The related literature can be broadly categorised into human behaviour prediction approaches, introduced in Sect. 2.1; neural memory architectures, presented in Sect. 2.2; and multimodal information fusion which we review in Sect. 2.3.

2.1 Human Behaviour Prediction

Before the dawn of deep learning, Social Force models [33, 34] had been extensively applied for modelling human navigational behaviour. They rely on the attractive and repulsive forces between pedestrians to predict motion. However as shown in [1, 14, 16] these methods ill represent the structure of human decision making by modelling the behaviour with just a handful of parameters.

One of the most popular deep learning methods for predicting human behaviour is the Social LSTM model of [1], which removed the need for hand-crafted features by using LSTMs to encode and decode trajectory information. This method is further augmented in [16] where the authors incorporate the entire trajectory of the pedestrian of interest as well as the neighbouring pedestrians and extract salient information from these embeddings through a combination of soft and hardwired attention. Similar to [16] the works in [3, 32, 36] also highlight the importance of fully capturing context information. However these methods all consider short-term temporal context in the given neighbourhood, completely discarding scene structure and the longterm scene context.
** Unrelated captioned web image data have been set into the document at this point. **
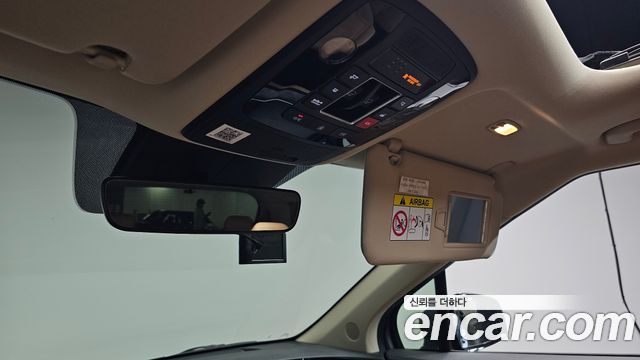 Kia Canival 2023 — photo 32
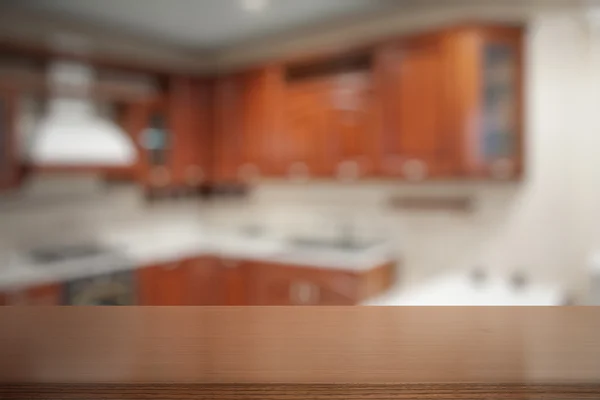 Mesa de madeira na cozinha — Fotografia de Stock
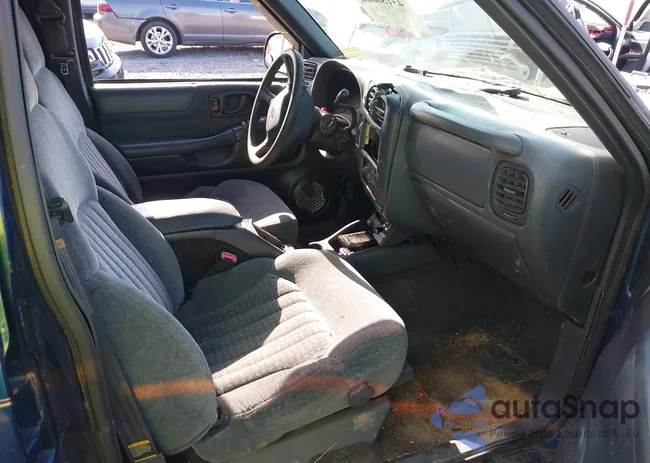 1GNDT13W0Y2153077: 43188808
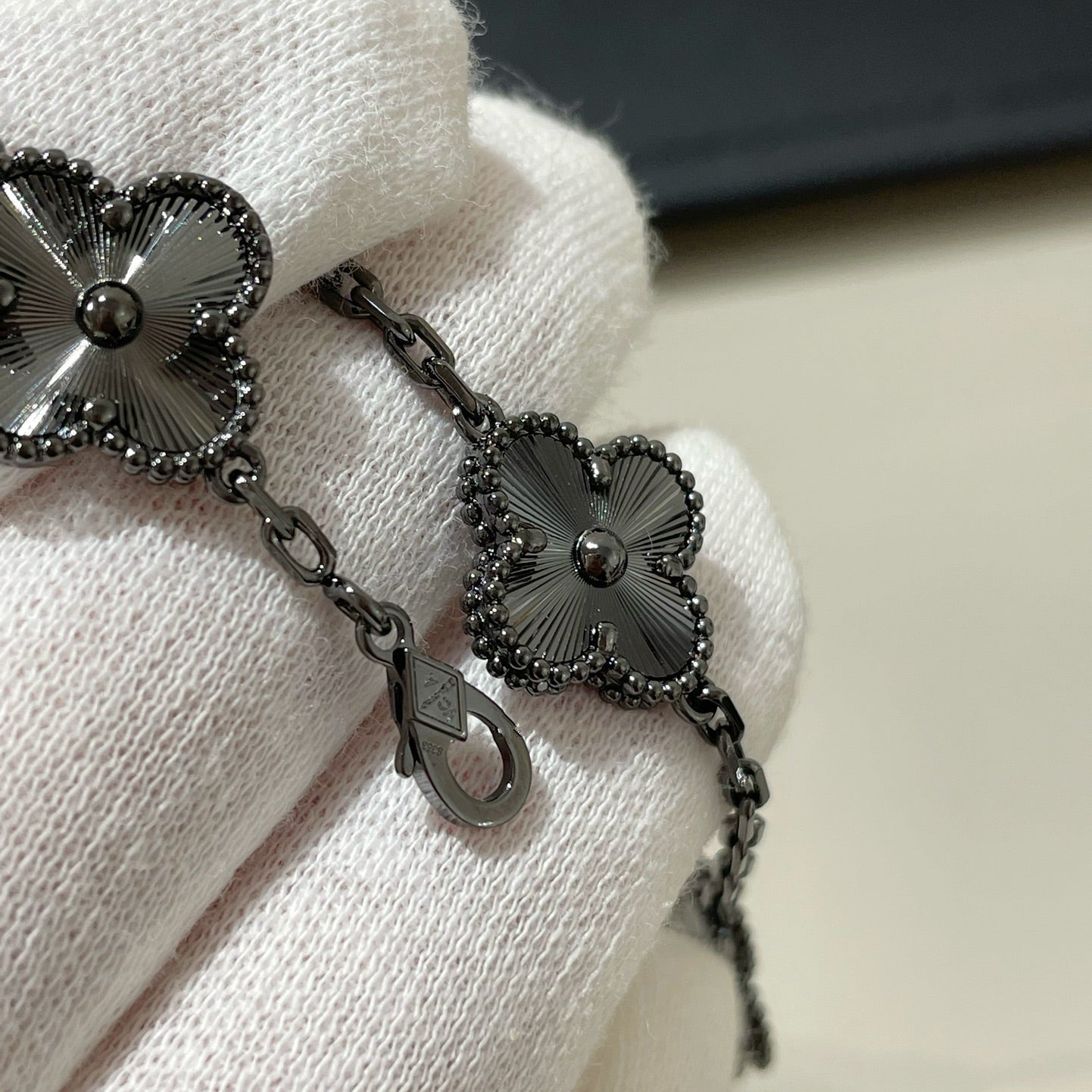 PULSERA DIANA TRÉBOL 5 MOTIVOS NEGRA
2.2 Neural Memory Architectures

External memory modules are used to store historic information, and learn to automatically store and retrieve important facts to aid future predictions. Many approaches across numerous domains [14, 15, 17, 18, 22, 27] have utilised memory modules to aid prediction, highlighting the importance of stored knowledge for decision making. However existing memory structures are one dimensional modules which completely ignore the environmental spatial structure. This causes a significant hindrance when modelling human navigation, since they are unable to capture the map-like structures humans use when navigating [12, 26].

The work of Parisotto et al. [28] proposes an interesting extension to memory architectures where they structure the memory as a 3D block, preserving spatial relationships. However, when generating memory output they rely on a static convolution kernel to summarise the content, failing to generate dynamic responses and propagate salient information from spatial locations to the trajectory prediction module, where multiple humans can interact in the environment.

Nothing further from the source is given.